(Stored entries)

== Segment start ==

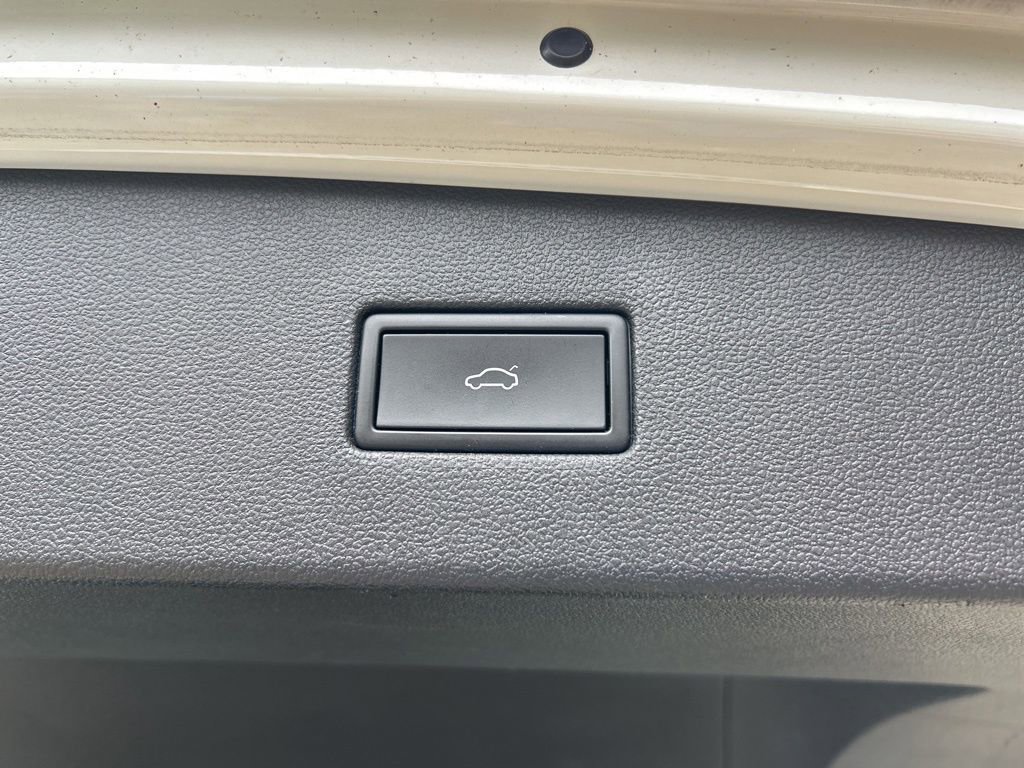 Used 2022 Volkswagen Tiguan SEL R-Line image 55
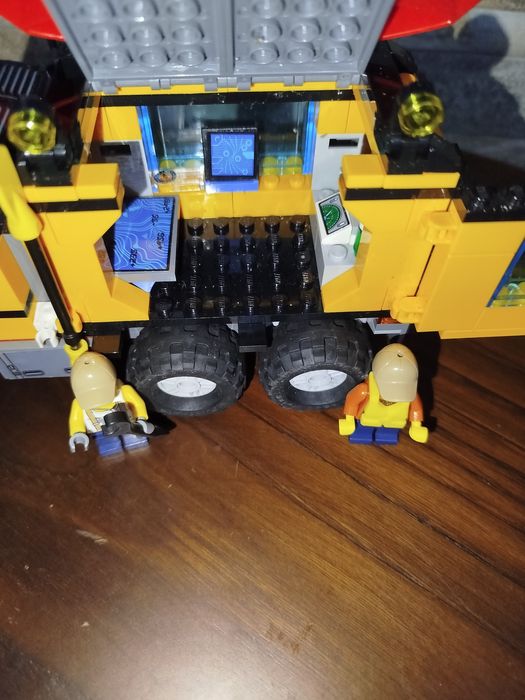 LEGO City 60160 Jungle Mobile Lab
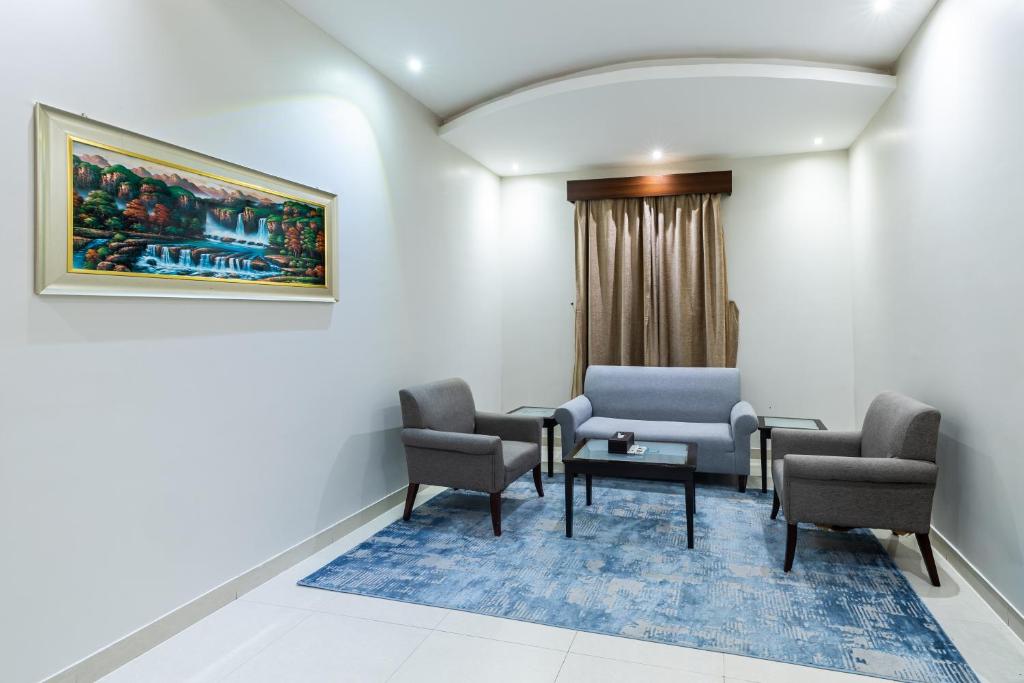 BARON PALACE - ALMASIF HOTEL APARTMENTS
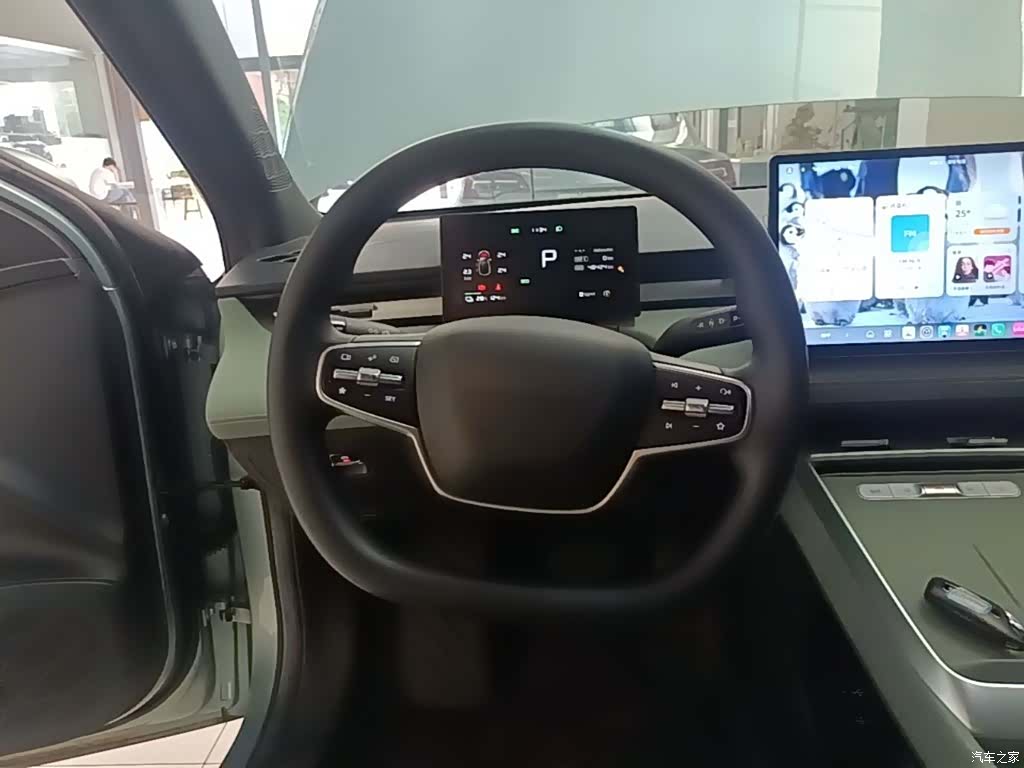 Roewe D6, 2025 11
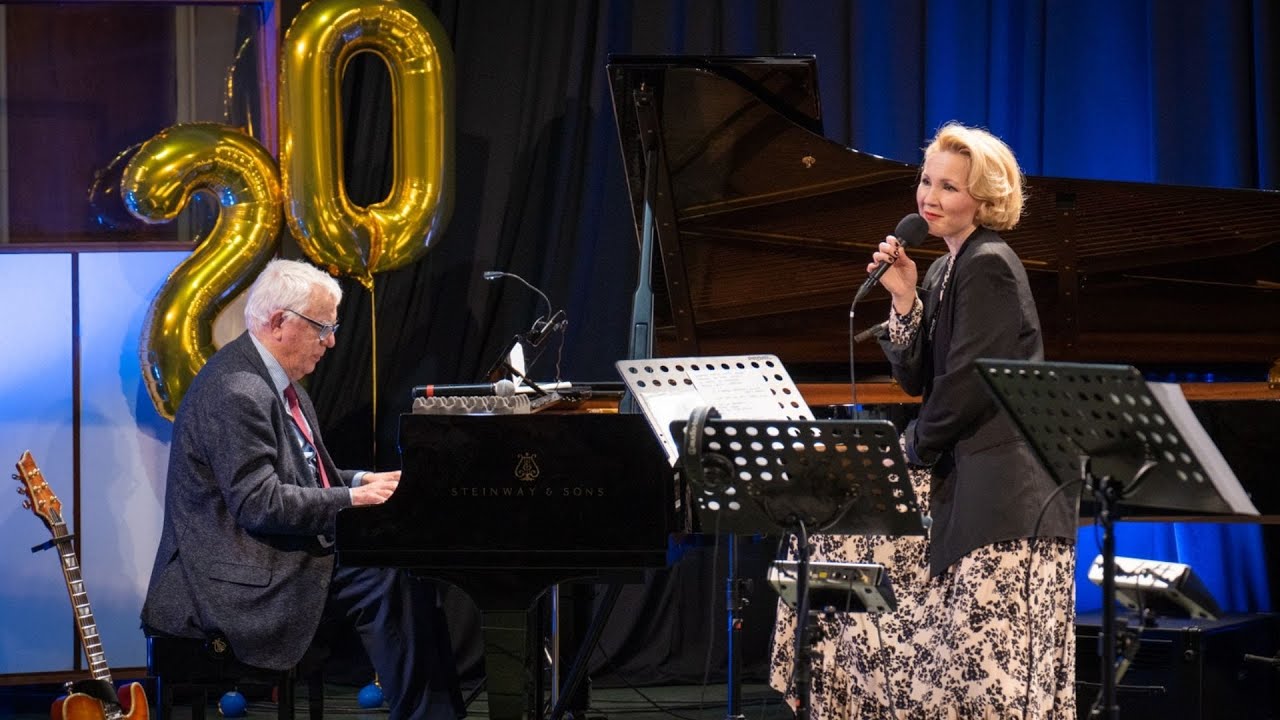 Концерт В. Плотниковой и Р. Паулса: Музыкальные хиты и поэзия 🎶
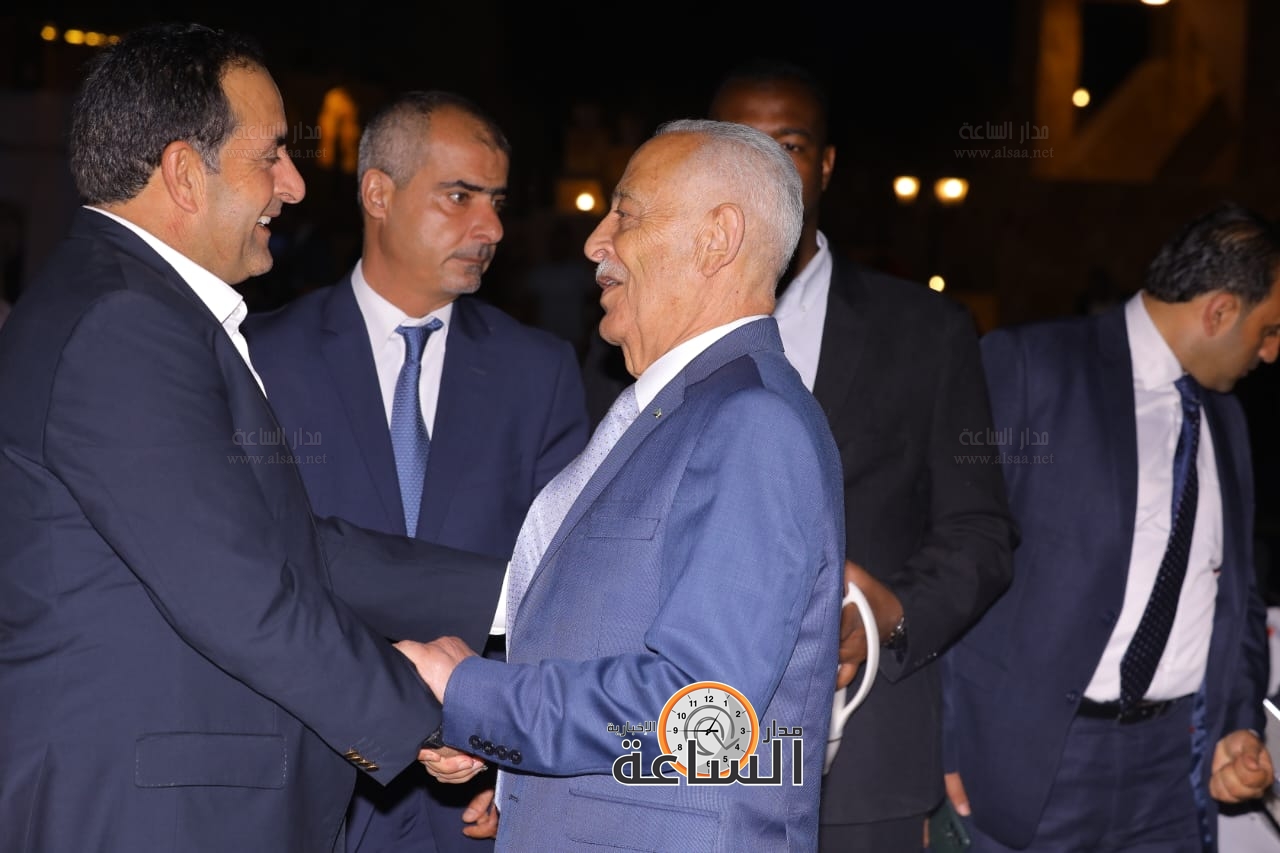 Madar Al-Saa Images 0.89791324905971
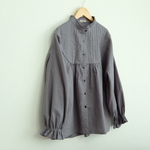 フリル襟ピンタックブラウス　グレー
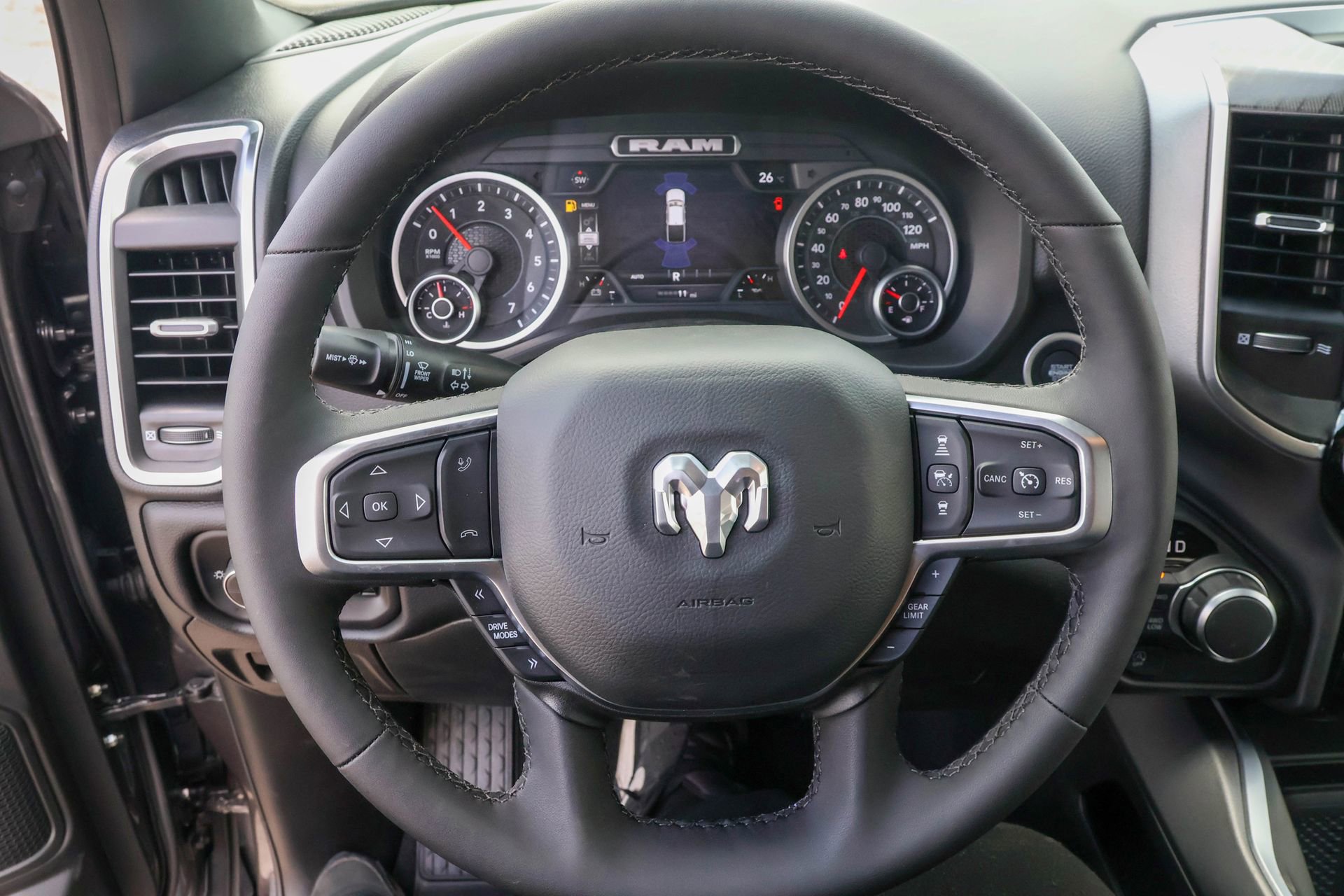 New 2026 RAM 1500 4x4 Crew Cab image 27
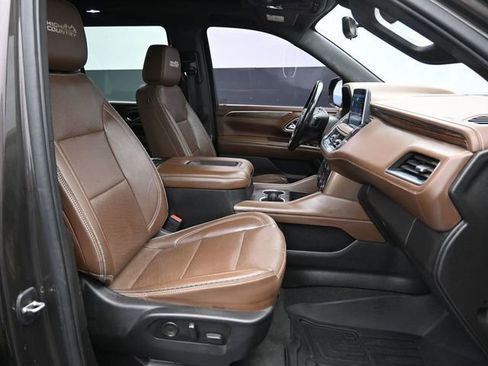 Used 2021 Chevrolet Tahoe High Country w/ Premium Package image 29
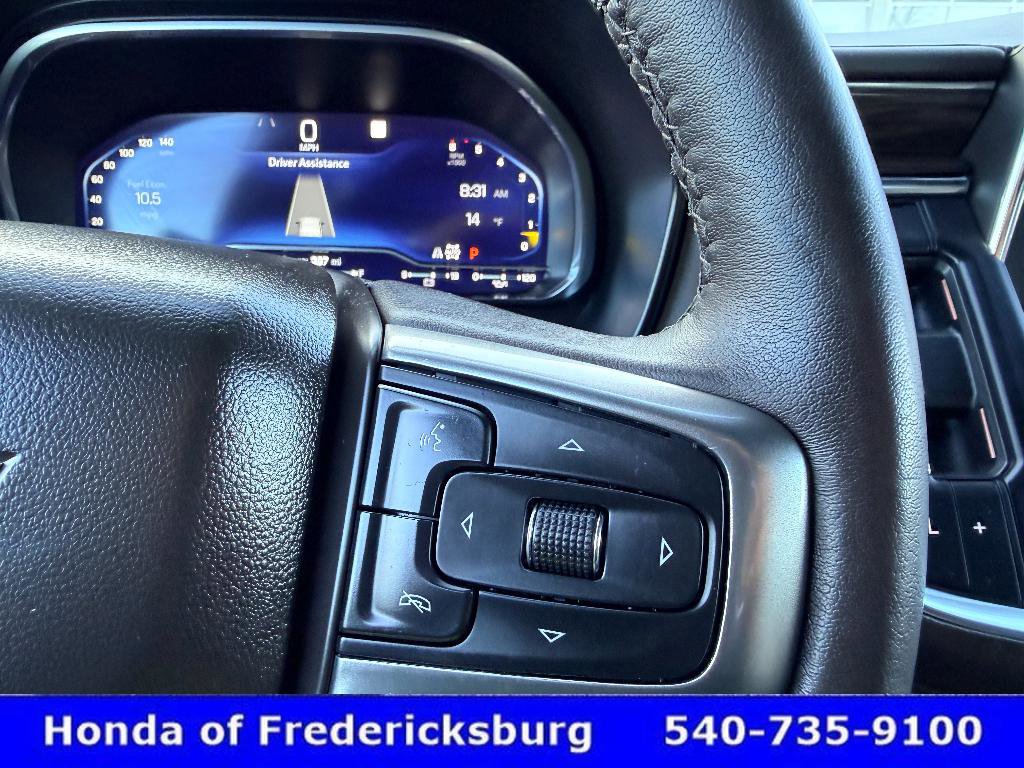 Used 2022 Chevrolet Suburban LT w/ Luxury Package image 32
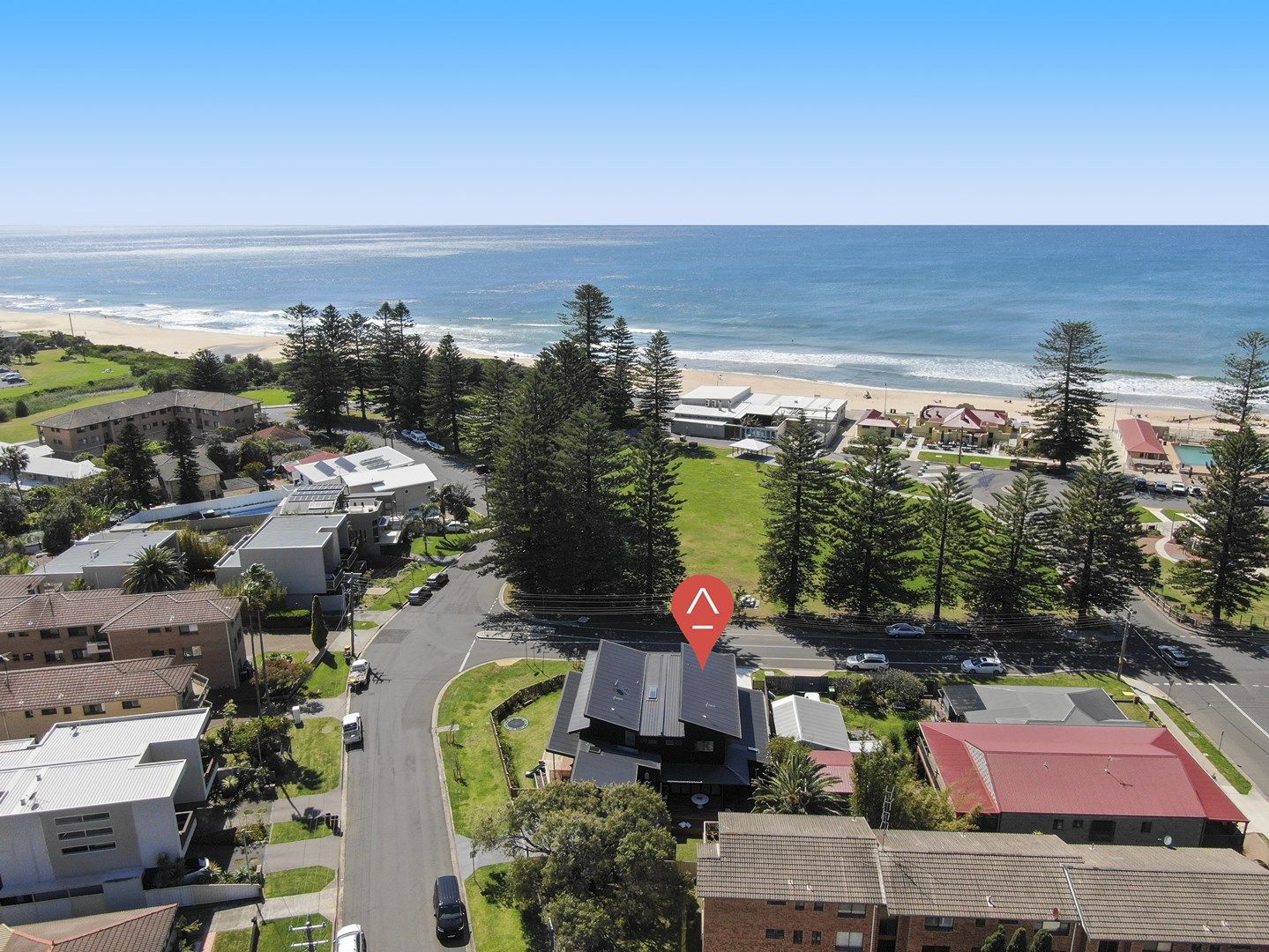 26 Cliff Parade, Thirroul NSW 2515, Image 0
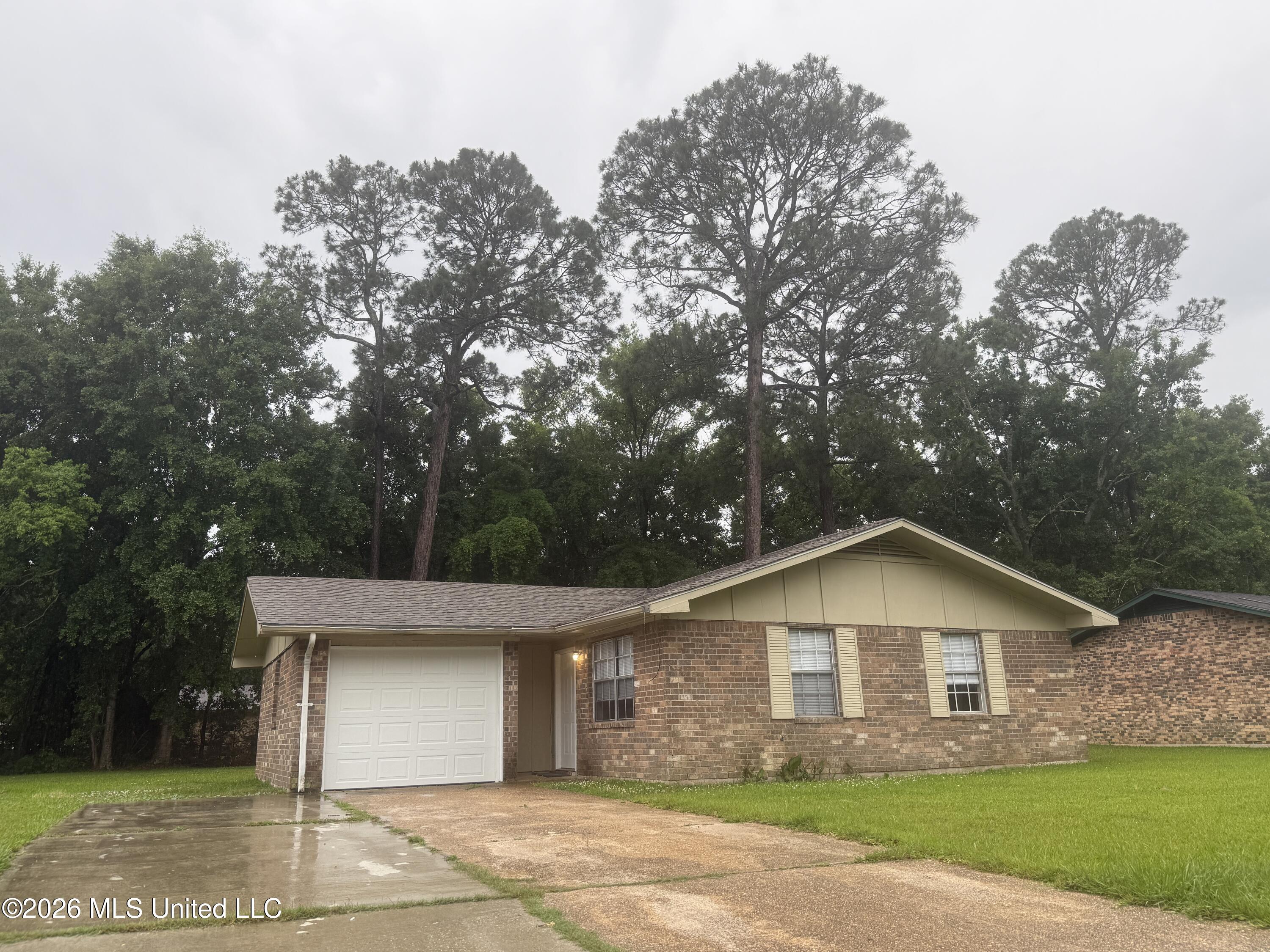 1605 Riverside Drive Gautier, MS 39553 - Photo 3 of 47 Exterior 2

== Segment end ==

- _Directions for this task_
Once the line holding "フリル襟ピンタックブラウス　グレー" is found, set down that line and every line after it, exactly, through the last line of the records above, omitting pictures.

- _The answer_
 フリル襟ピンタックブラウス　グレー
 New 2026 RAM 1500 4x4 Crew Cab image 27
 Used 2021 Chevrolet Tahoe High Country w/ Premium Package image 29
 Used 2022 Chevrolet Suburban LT w/ Luxury Package image 32
 26 Cliff Parade, Thirroul NSW 2515, Image 0
 1605 Riverside Drive Gautier, MS 39553 - Photo 3 of 47 Exterior 2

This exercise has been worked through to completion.